Morgan Stanley, based in Midtown, is seeking space in lower Manhattan as vacancies in the area climb, in part because of moves by Goldman Sachs and insurer American International Group Inc. The downtown office vacancy rate jumped to a six-year high of 12.1 percent in the third quarter from 9.9 percent a year earlier, according to Cushman & Wakefield Inc. Another 4.4 million square feet becomes available at the World Trade Center in 2013, and 4.6 million square feet of Bank of America leases expire that year at the World Financial Center.
Leasing Terms
Morgan Stanley has exchanged potential leasing terms with representatives of MetLife Inc., which owns 85 Broad St., and has done test layouts to examine how its operations would fit into the building, two people briefed on the negotiations said.
Mark Lake, a Morgan Stanley spokesman, declined to comment, as did James Kuhn, president of Newmark Knight Frank, the broker representing the bank.
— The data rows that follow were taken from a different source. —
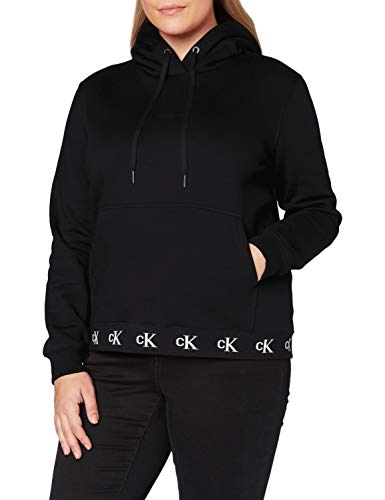 Preisvergleich Produktbild Calvin Klein Jeans Damen Logo Trim Hoodie Pullover, Ck Black, M
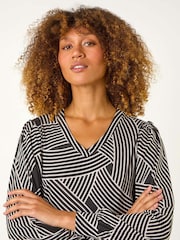 Roman Black Geometric V-Neck Stretch Top - Image 4 of 5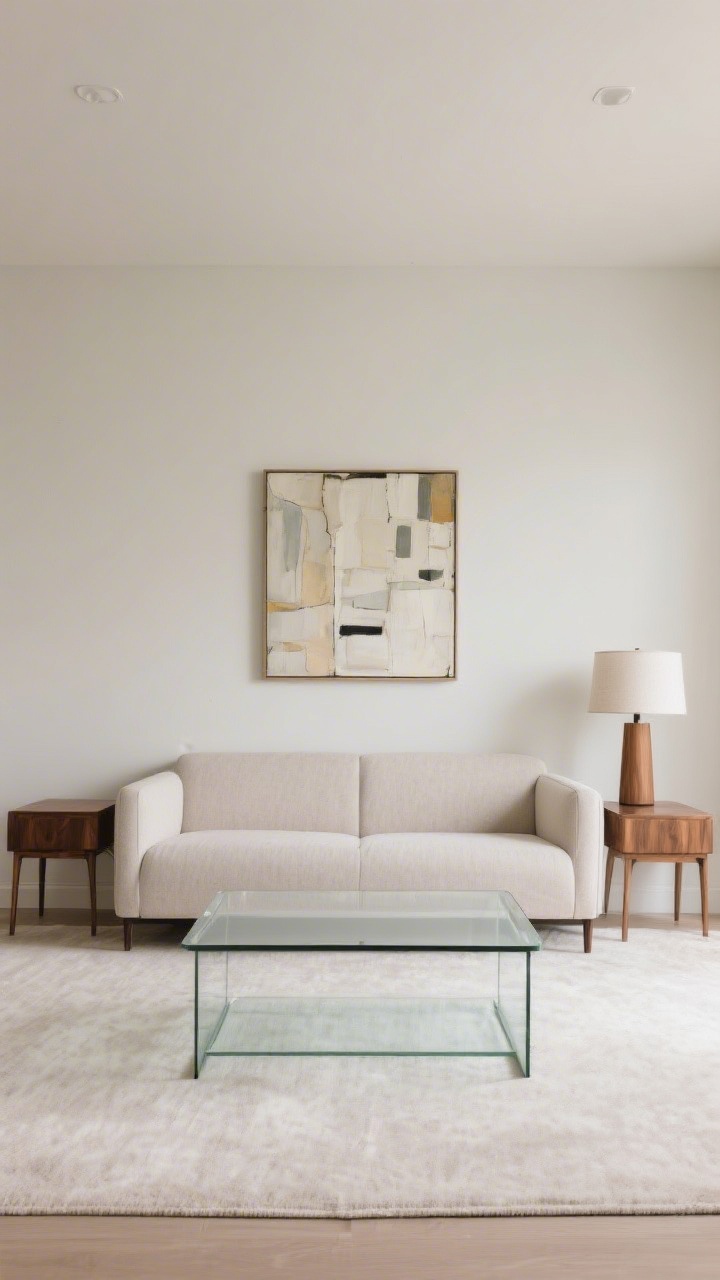 Straight-on medium shot: A slim sofa paired with an airy glass-top coffee table for matched scale; above the sofa, artwork sized to roughly 60% of the sofa width; a table lamp with the shade at seated eye level; neutral backdrop with walnut side tables and balanced proportions.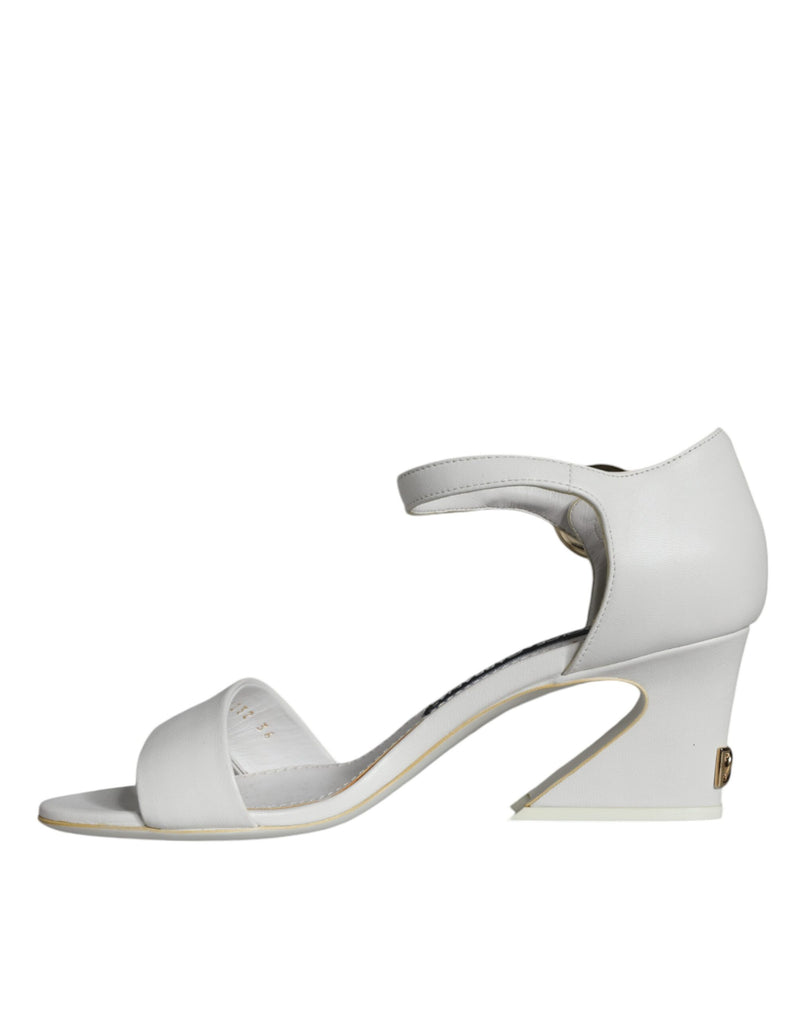 Dolce & Gabbana Keira White Leather Heels Sandals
T.J. Crawford, a spokesman for Bank of America, and Jeep Bryant, a representative for BNY Mellon, also declined to comment.
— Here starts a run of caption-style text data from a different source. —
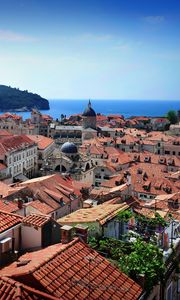 Preview wallpaper city, buildings, architecture, old, aerial view, dubrovnik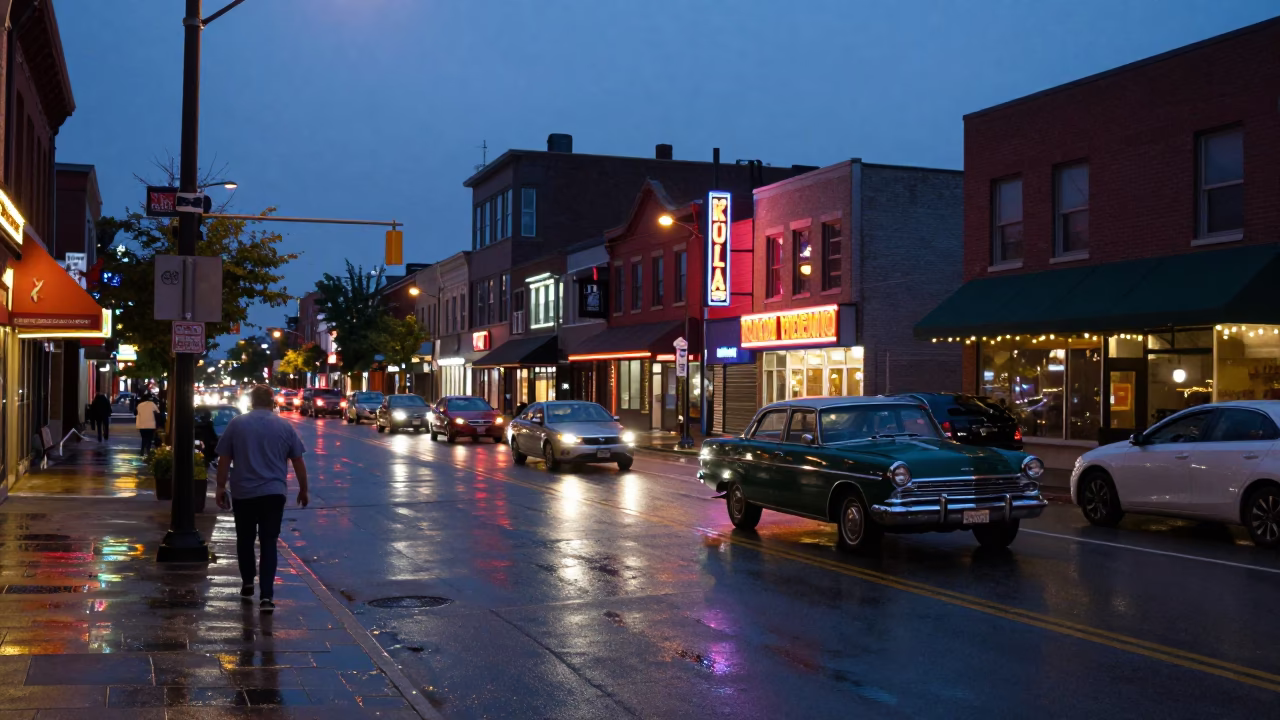 Toronto Street Scene at Dusk with Vintage Cars and City Lights in in Toronto, Ontario, Canada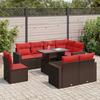 VidaXL Garden Lounge Set with Cushions 9pcs Brown Wicker Acacia, Outdoor Sofa Set, Garden Furniture 3326345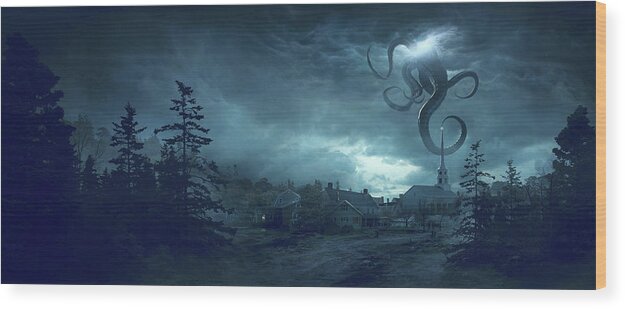 Lovecraft Wood Print featuring the digital art New England by Guillem H Pongiluppi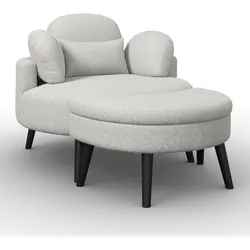 Sessel Bianca mit Hocker Chenille Grau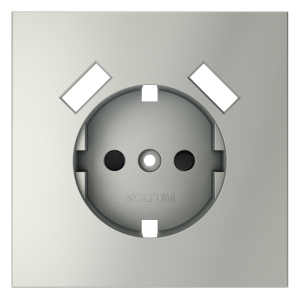 Накладка для розетки с заземлением и защитными шторками, с USB A+A Voltum S70 (сталь) VLS000905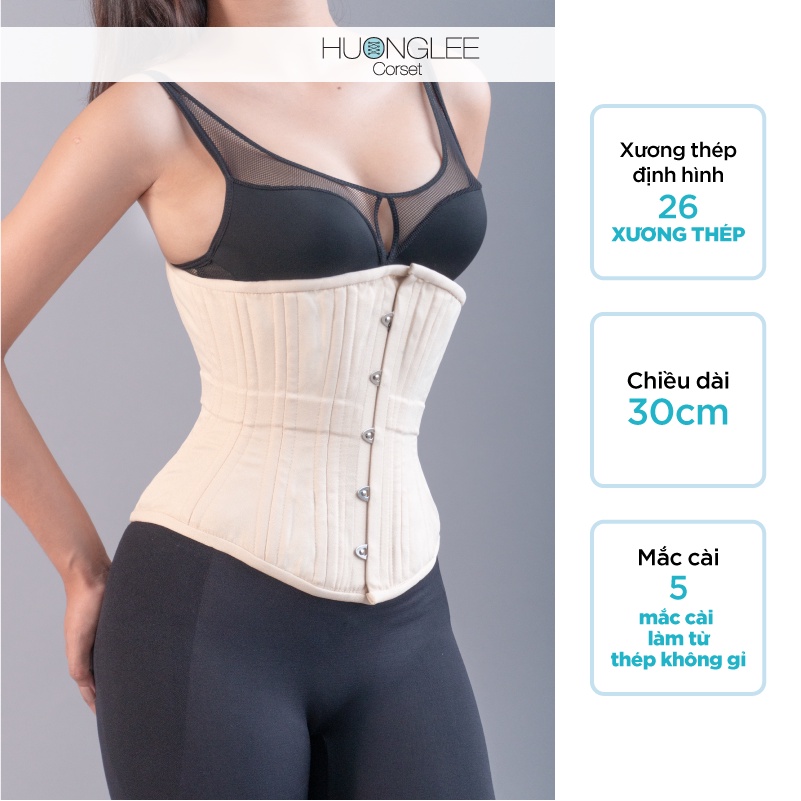 [HUONGLEE Corset] Đai Gen Nịt Bụng Corset Muse 26 Xương Kép Chất Liệu Satin Định Hình Hỗ Trợ Giảm Eo Giảm Mỡ Bụng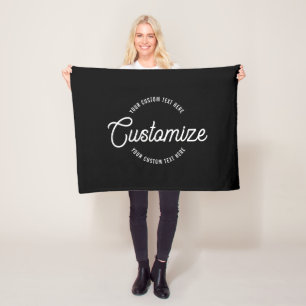 Editable Stylish Cursive & Modern Circular Text Fleece Blanket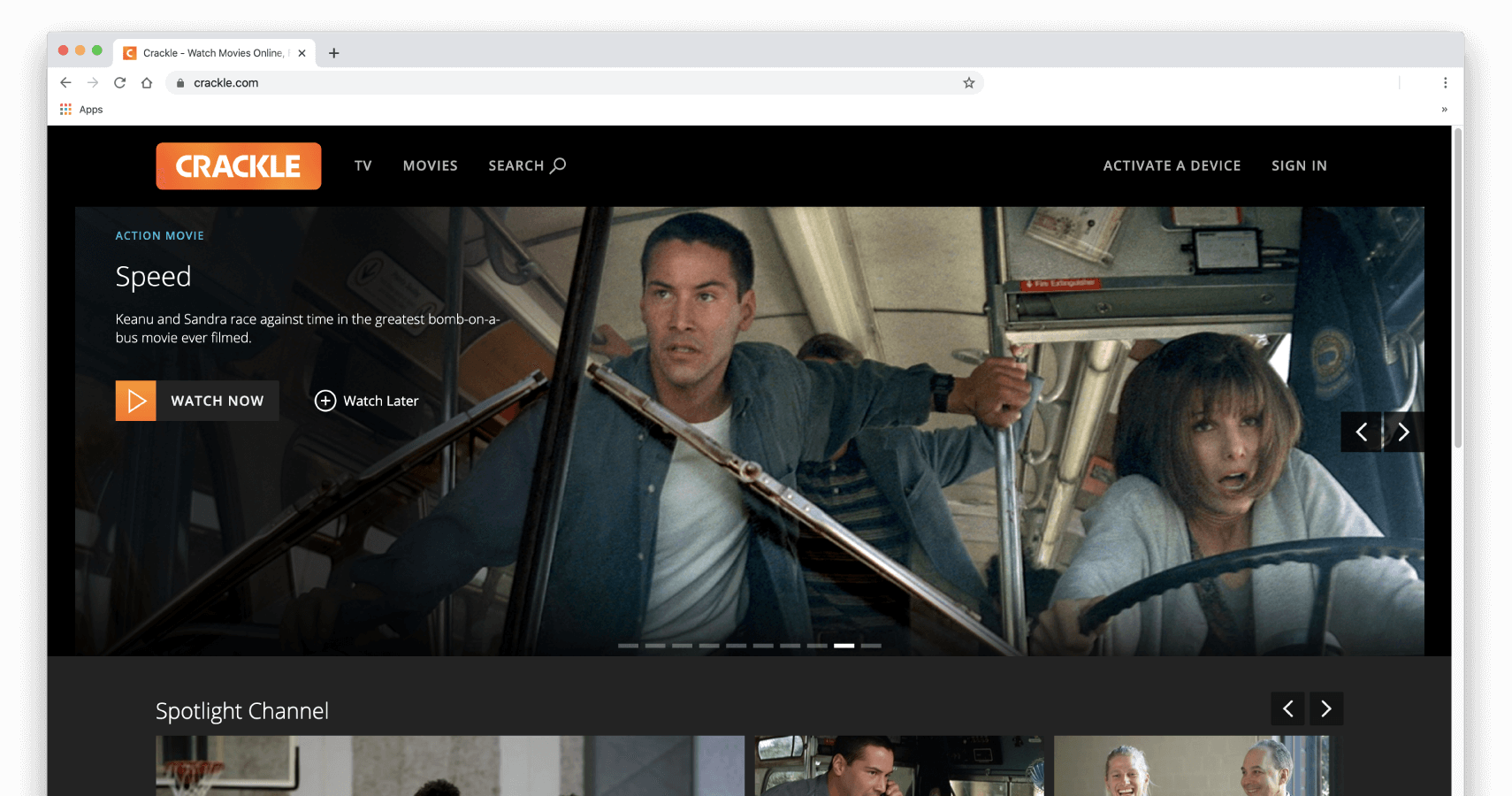 Crackle auf einem Computer-Bildschirm.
Peter Riguardi, MetLife’s broker for 85 Broad, and president of New York operations for Jones Lang LaSalle Inc., didn’t return phone calls.
“We have had strong interest in the property and we continue to have strong interest, but we have nothing to report at this time,” said John Calagna, a MetLife spokesman.
1 New York
Morgan Stanley, the sixth-largest U.S. bank by assets, is a long way from deciding where to house its downtown operations, the people said. The company has also looked at potential layouts at 1 New York Plaza, where it rents about 750,000 square feet, two people said.
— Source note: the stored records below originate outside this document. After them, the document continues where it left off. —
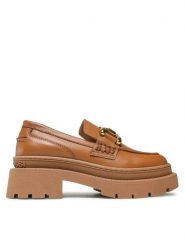 Gino Rossi Loafersy 222FW107 Brązowy. Brązowe mokasyny damskie Gino Rossi, ze skóry. Za 379.99 zł.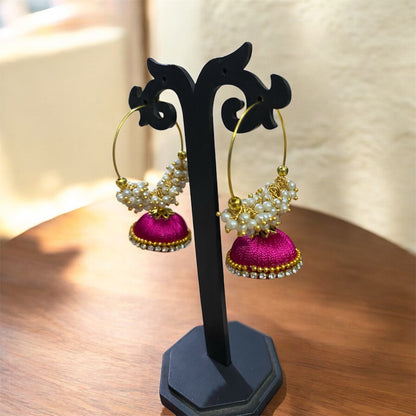 Silk thread punjabi earring pink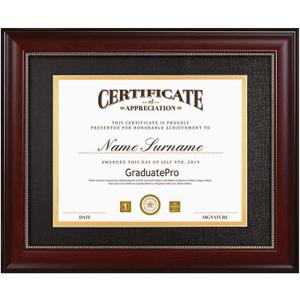 GraduatePro 8.5x11 Diploma Frame with Black Over Gold Mat or Display 11x14 Document without Mat, CPA License Frame, UV Protection Acrylic, Mahogany with Gold Beads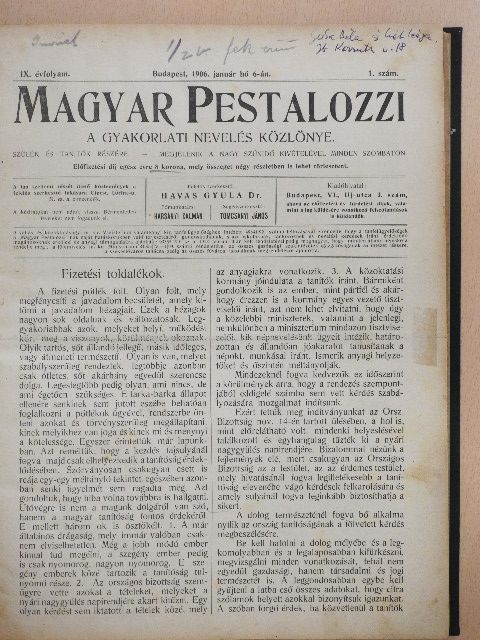 Csiky Lajos - Magyar Pestalozzi 1906. (nem teljes évfolyam) [antikvár]
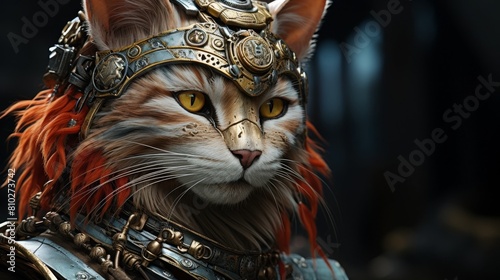 Steampunk cat with ornate headpiece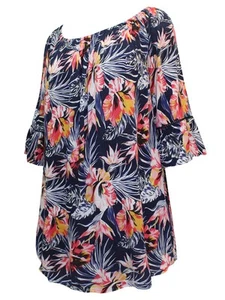 Ulla Popken Bardot Top NAVY HIBISCUS Print UK Plus Sizes 20/22 24/26 & 32/34 - Picture 1 of 3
Goldman is leaving behind about 550,000 square feet at 1 New York as it moves to its new headquarters, according to data from CoStar Group Inc., a Bethesda, Maryland-based real estate information service.
Brookfield Office Properties is the majority owner of 1 New York Plaza and the World Financial Center. Melissa Coley, a spokeswoman for the New York-based company, declined to comment.
Morgan Stanley’s new downtown space wouldn’t replace its headquarters at 1585 Broadway. Morgan Stanley Smith Barney, the brokerage joint venture in which Morgan Stanley owns a controlling stake, is based in Purchase, New York.
Falling Rents
Lower Manhattan office rents declined to $39.08 a square foot from $42.01 in the third quarter of 2009, said Cushman, the biggest closely held commercial property broker. Downtown is offering “some really good values,” said Joseph Harbert, the brokerage’s chief operating officer for its New York region.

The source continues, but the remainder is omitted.